50 Cent's sex tape scandal and Rihanna's music video have one thing in common: misogyny

The treatment of women as possessions and pawns in professional feuds remains frustratingly common

Click to follow

There’s an entire Wikipedia page dedicated solely to 50 Cent’s feuds, many of them too boring for even the most committed rap fan to be interested in.  Mostly, there’s a lot of sparkly chain-stealing and bitchy name-calling before inevitably both sides sulk off to write a diss track about each other.

50 (real name Curtis Jackson) hit the headlines this week for one feud in particular, a long-standing disagreement with fellow rapper Rick Ross. The two spent over a year exchanging insults to drive up their respective website hits and album sales in 2009, before Jackson posted a sex-tape of Ross’s ex and the mother of his child Lastonia Leviston online.
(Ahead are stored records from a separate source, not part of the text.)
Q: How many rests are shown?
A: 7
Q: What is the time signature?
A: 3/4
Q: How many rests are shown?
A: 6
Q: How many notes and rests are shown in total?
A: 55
He then added a commentary on the video, criticising Leviston’s body and aggressively insulting her.

Rick Ross isn’t in the video. It’s between Leviston and her partner at the time, Maurice Murray. But her previous relationship with Ross was enough for 50 to decide she must pay with her sexuality, her body and her privacy for the crimes of her former partner. Like the other trappings of fame, all the houses and the chains and the piles of cash, Leviston was thought of as something that belonged to Ross. She was a piece of property that was fair game in their attempts to discredit each other. 

Leviston is a living example of the blonde ‘bitch’ in Rihanna’s much talked about ‘Bitch Better Have My Money’ video, where a woman is stripped and beaten because she is the girlfriend of an  accountant, who the song accuses of ripping off his client played by Rihanna. In the lyrics, the “accountant” character is supposed to have spent all of RiRi’s money and left her with a bad credit rating (who knew pop stars were so concerned about their credit ratings?), so obviously she has to punish him by murdering his girlfriend.
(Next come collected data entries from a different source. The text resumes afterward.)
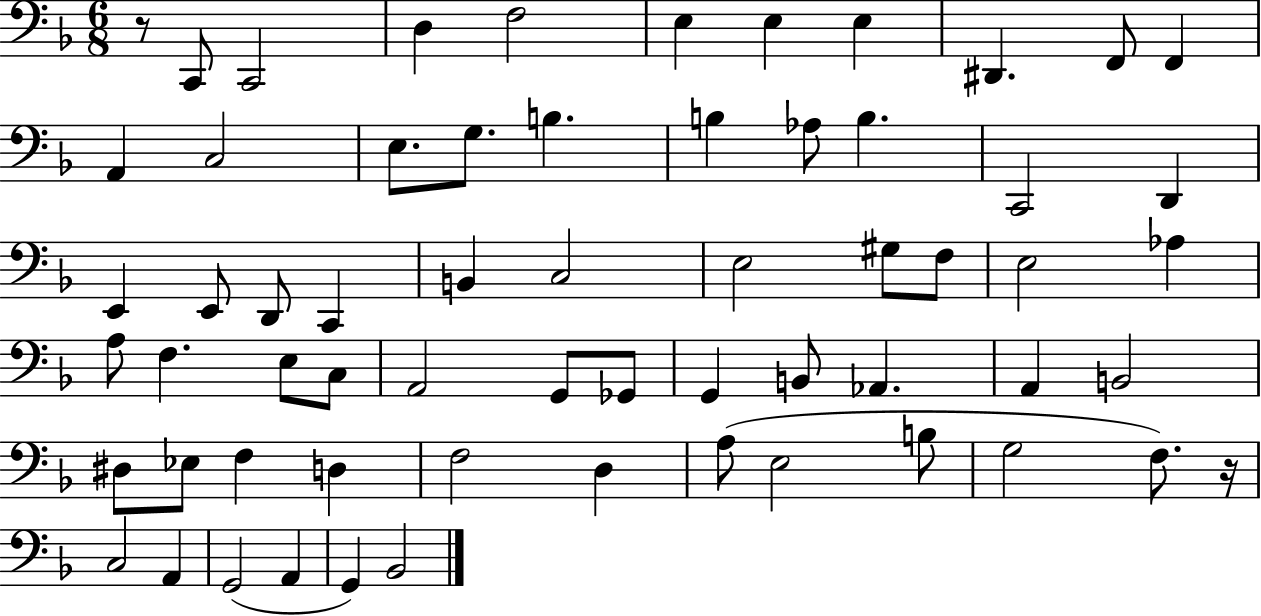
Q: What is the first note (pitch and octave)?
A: C2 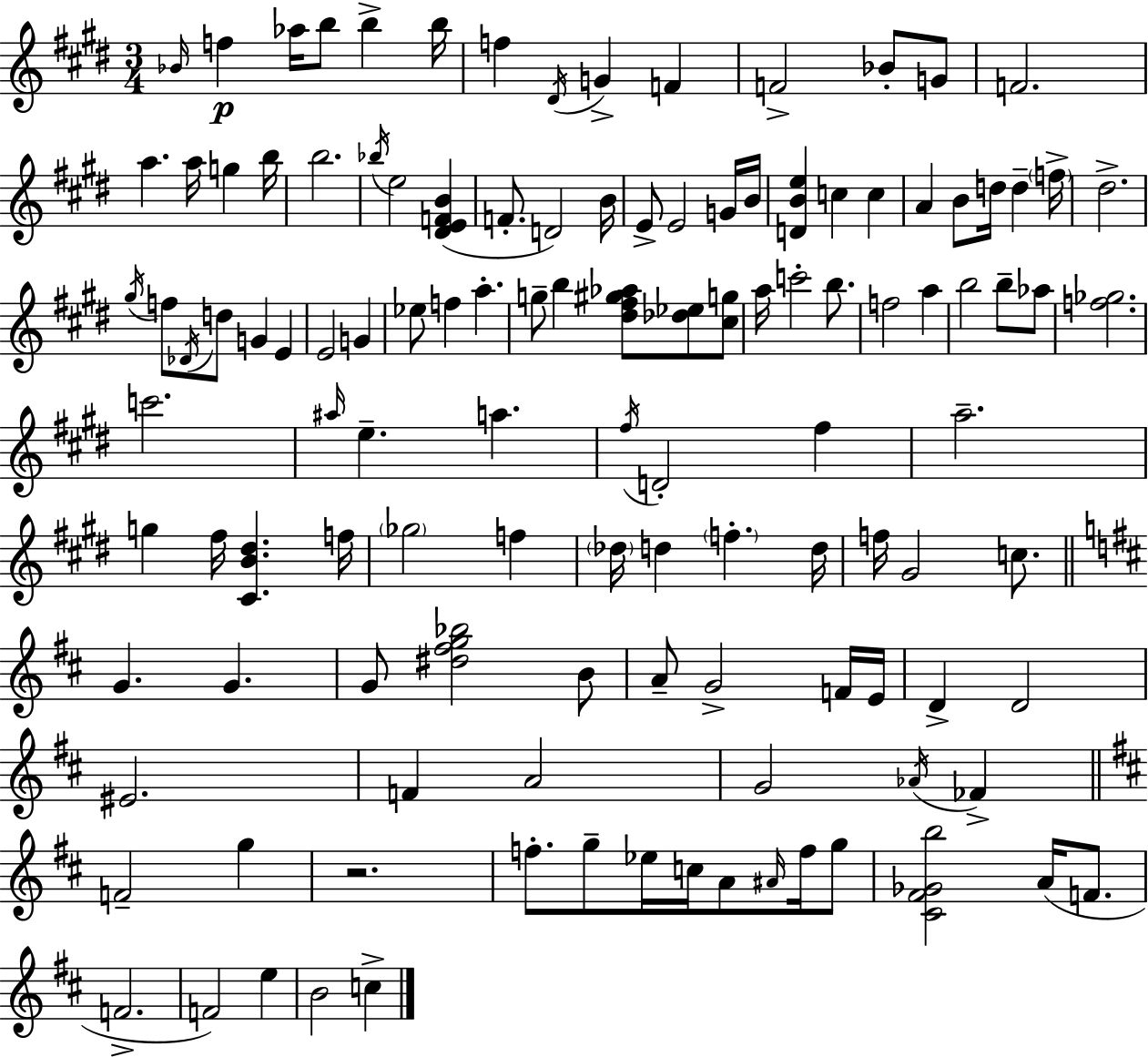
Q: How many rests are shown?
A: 1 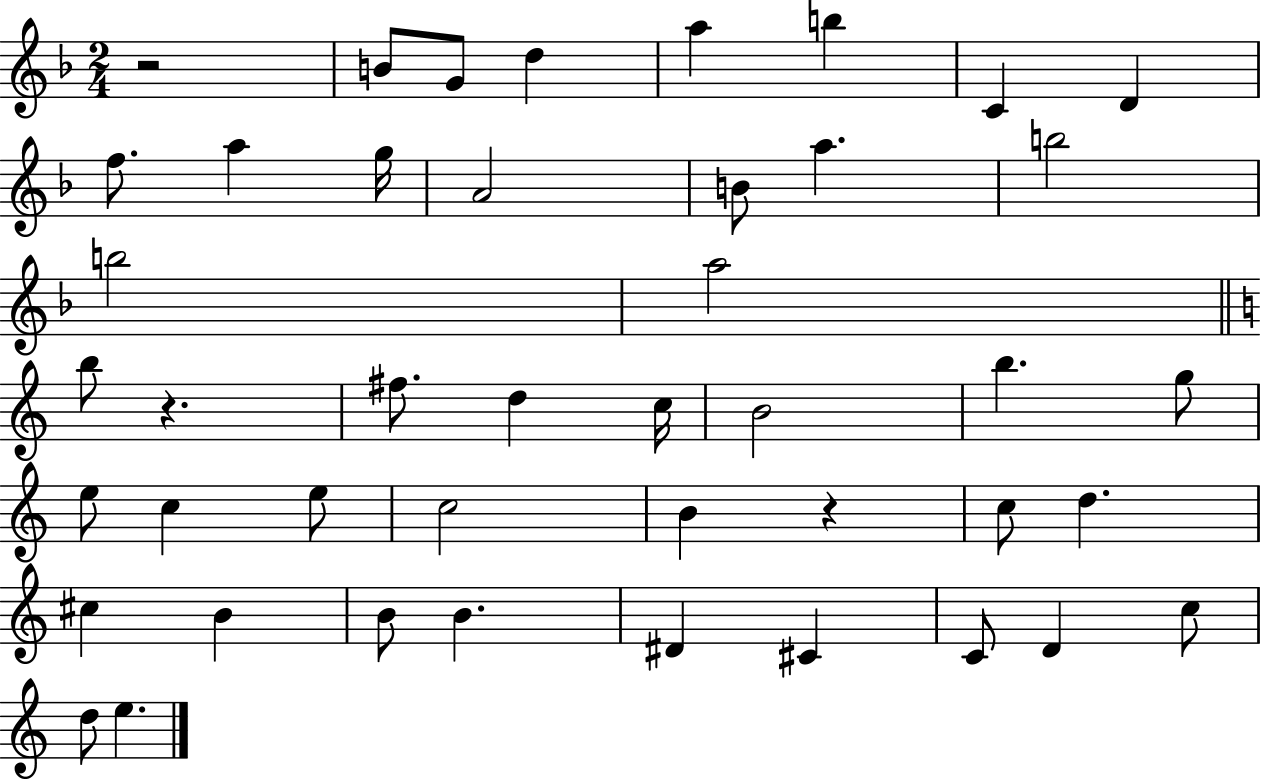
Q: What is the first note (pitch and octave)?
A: B4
Both Leviston and the nameless fictitious BBHMM blonde are left naked and humiliated, punished for their partner’s mistakes in much the same way, and as easily, as you might run a key down an enemy’s expensive car. In the eyes of 50 Cent and the characters depicted  in Rihanna’s video, they aren’t people, women with lives and interests, but a possession, an extension of their male partners to be stolen and then destroyed.

The feud between Ross and Jackson was driven by money. Insults were exchanged to drive sales. Apparently it was okay to humiliate Leviston as long as posting the video drove clicks, and in turn the sales of tickets, merchandise and 50 Cent’s own brand of pants. It’s okay to watch a video depicting Rihanna acting out the torture of someone while a pop-up advert reminds us to buy the official perfume, because she’s making money. Never mind the bad taste it leaves.


Perhaps another part of the problem is our struggle to see women who’ve ended up in videos they made but never dreamt would turn up online as real victims.

Women who are naked on the Internet, even when the tapes are posted without their possession are a joke, as one Glastonbury-goer took time and a reasonable level of arts and crafts skills to remind Kim Kardashian this year during the festival.  The idea that men can be embarrassed by their partner’s sexual history must be reinforced, even if that means lugging an eight-foot flag of Kardashian giving her ex-boyfriend a blowjob to rural Somerset. All of this was, of course, intended in some way to humiliate her partner Kanye West, who was performing at the time. The concept still implies that stripping down their associated female possessions is the best way of hurting men.

Women have been punished for having sex for a very, very long time.  Sex tapes and photos that have been leaked online without permission are the 2015 version of a practice going back hundreds of years. It’s time for the flag to stop flying.